Like the brave mothers who snatched their children from the cougar’s jaws, our fight to defend is compelled by love. We fight, first, because we love the truth, and second, because we love people and want to save them from certain death. We fight to “save others by snatching them out of the fire” of God’s judgment against unbelief and apostasy. We defend the truth as an act of mercy toward "those who doubt” (Jude 22-23).
But we can’t contend for the faith if we don’t know what it is. We won’t recognize infiltrating false teachers if we don’t know what the apostles taught. We can’t discern a destructive false gospel if we don’t understand what the real gospel is.
Step one for contenders, then, is to know the truth. Jude’s first readers (or hearers) had a partial canon of scripture, yet he assumed they understood what the faith once for all delivered to the saints was. We have a complete canon, and our own personal copies of scripture, so we have no excuse for not knowing the whole body of doctrine handed down to us from the apostles. If we don't know it, we can learn it as we study the Bible, or as we read or listen to faithful Bible teachers.

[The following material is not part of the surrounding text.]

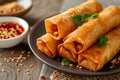 Golden fried spring roll served with a side of sauce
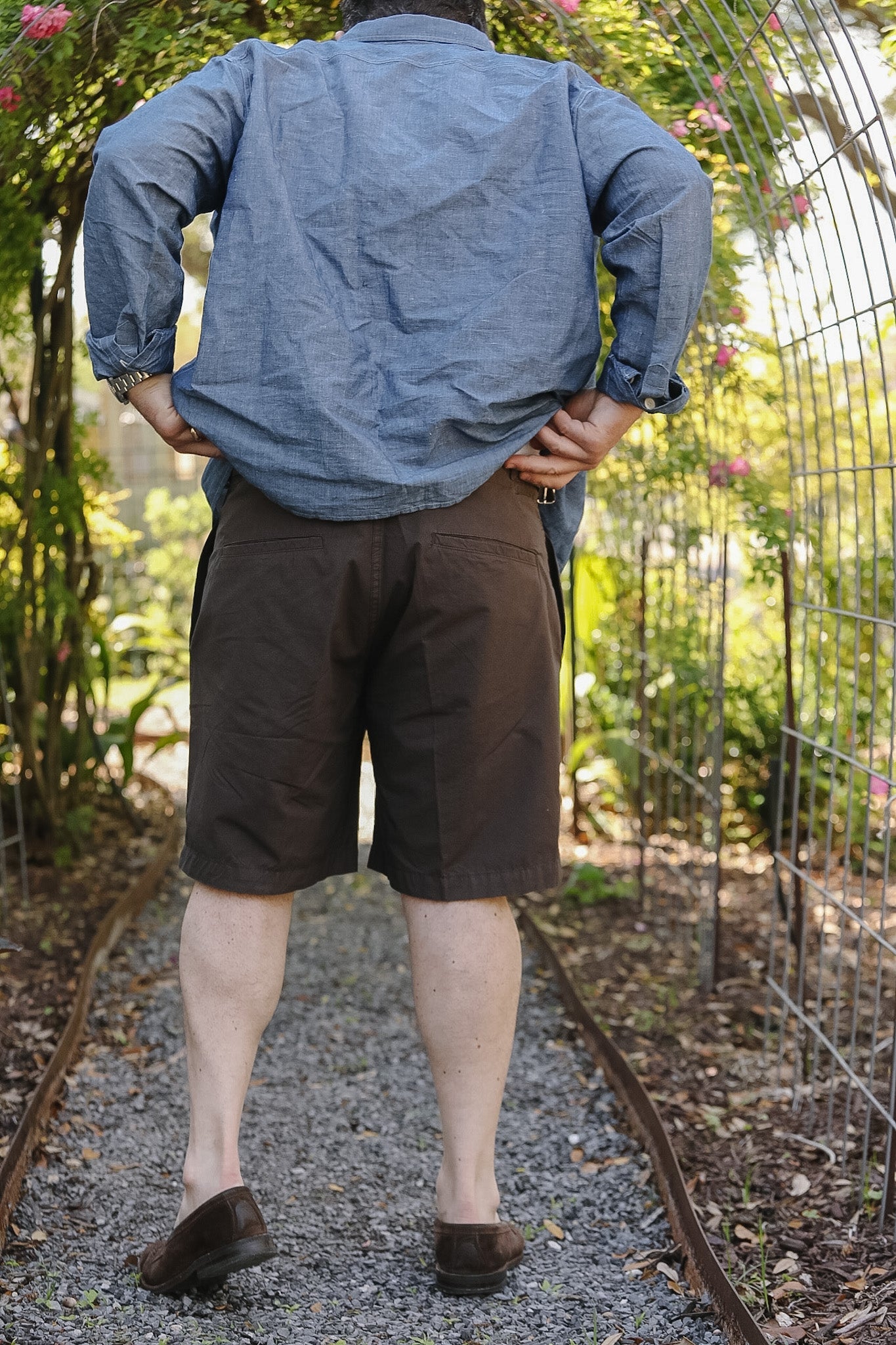 Person wearing a blue shirt and brown shorts standing outdoors with greenery in the background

Step two is to step up and defend the faith we know. Although there may be cases in which false teachers need to be physically removed from the body, fighting for the faith is mostly a war of words. We fight for the faith by talking (and maybe writing). And while we may sometimes be forced to use strong language as a weapon against wolves in our midst, most of our contending won’t look like a war—even a word war. No, our most most common defense tactics will be teaching and reminding.
We contend for the faith when we teach the truth to those among us who don’t have a firm grasp of it. Our hope is that as they learn, they become more grounded in the faith and less likely to be snatched away by false teachers with a false gospel.
And for those who are already established in the faith? As we remind each other of the beauty of the truth we already know, we encourage faithfulness to it (2 Peter 12-13). We fight for the faith by helping each other remember how lovely our gospel is, because those who are busy basking in the glory of the real gospel aren’t fooled by a false one.